Now the mystery in verse 9 is connected to His plan of redemption. A mystery in the New Testament means something that is hidden. In this context, Jesus’ life and death resulting in our redemption was the mystery that was revealed by God. It is important to understand there is another mystery that Paul reveals later in Ephesians 3 that is closely connected to this mystery.
And in verse 10, to paraphrase, Christ will gather up all things including both Jew and Gentile and all of creation. All of this will be placed under the administration (or lordship) of Jesus Christ our Lord. Sin has wrecked creation, but Christ will be placed over all these things to reconcile all things to Himself. As it also says in Colossians 1:16–20:
16 For by him all things were created, in heaven and on earth, visible and invisible, whether thrones or dominions or rulers or authorities—all things were created through him and for him.
17 And he is before all things, and in him all things hold together.
18 And he is the head of the body, the church. He is the beginning, the firstborn from the dead, that in everything he might be preeminent.
19 For in him all the fullness of God was pleased to dwell,
20 and through him to reconcile to himself all things, whether on earth or in heaven, making peace by the blood of his cross.
11 In Him also we have obtained an inheritance, having been predestined according to His purpose who works all things after the counsel of His will,
12 to the end that we who were the first to hope in Christ would be to the praise of His glory.
Through the second “In Him” we see that we have already been given an inheritance. This inheritance is found in Christ. We will receive this inheritance once we are perfected and standing before Jesus in Heaven. What a wonderful inheritance that will be.
This inheritance follows from the fact that we were already predestined according to His will. And we know from verse 5 that His will is kind towards us. Because of this we should, in turn, lavish praise on our most gracious Father in Heaven.
The final “In Him” in verse 13 shows us that by being in unity with Christ we were also sealed in Him. This seal is the Holy Spirit, which was promised by Jesus before He ascended to sit at the right hand of God. Jesus had to physically leave us so that He could send the Holy Spirit to indwell in us, to teach us, to guide us, and to be the promise of our salvation…evidence to the world of the truth and salvation from our Lord.
But the Spirit was not just given to anyone.
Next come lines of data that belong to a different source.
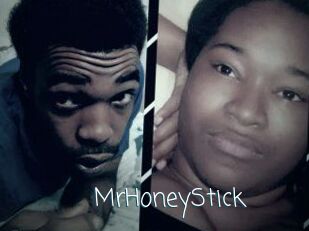 MrHoneyStick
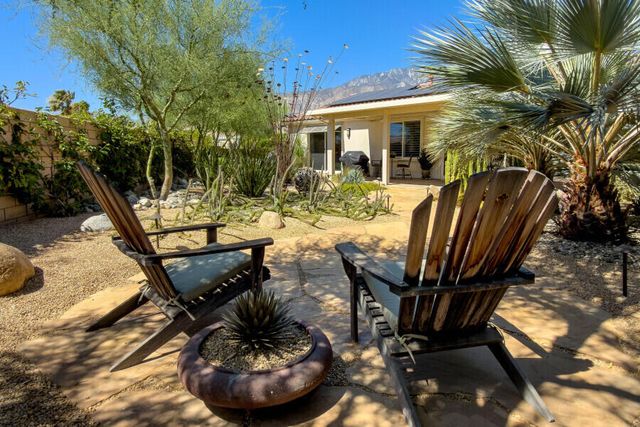 3742 Date Palm Trail, Palm Springs, CA 92262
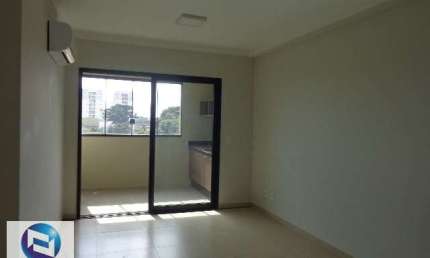 Imperdível oportunidade: Apartamento à venda em São José do Rio Preto-SP, bairro Bom Jardim, 2 quartos, 1 suíte, 75m²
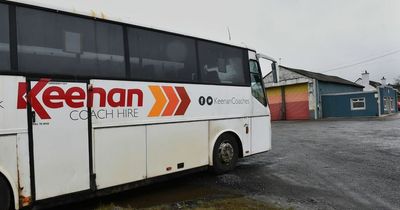 Ayr coach firm plunged into liquidation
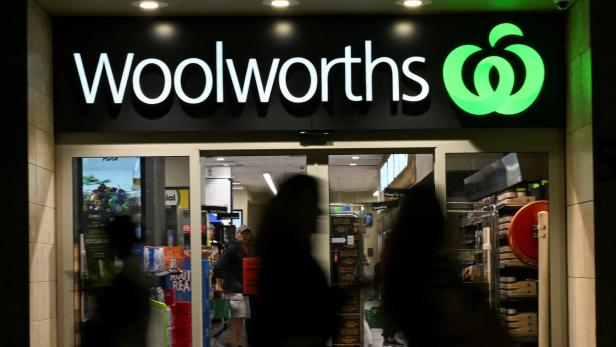 FILE PHOTO: Business in Sydney's CBD and general views of Sydney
Notice that it says after listening to the message of truth (the gospel of Jesus Christ) and after believing, people receive salvation through hearing the word of God and believing. How much grace has been poured out on us and our churches from hearing the word of God! Through hearing and belief we have received the Spirit of promise and are sealed forever as God’s own. Never stop preaching, teaching, and speaking the word of God!
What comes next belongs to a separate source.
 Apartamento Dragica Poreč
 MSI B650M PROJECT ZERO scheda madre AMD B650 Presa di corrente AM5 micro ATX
What does it mean to be sealed by the Holy Spirit? Well, a seal was usually placed upon a document or letter. Placing a seal on a document meant that document was under the authority of the one who placed the seal. This seal indicated: the authority of the one who placed the seal, the authenticity of the sealed document, security as long as the seal remained intact, and finally ownership by the one who sealed it. Translating this to the Holy Spirit as our seal we know that we are fully secure in our salvation as His seal is unbreakable. We know by Whom we are sealed. We know the authority by Whom we are sealed. We know that we are owned by the One who sealed us. That is grace at work within us. This is more than a just a comforting thought, it is a foundation for how we may bless our gracious Father in Heaven. May we never cease praising Him for what we could not obtain on our own.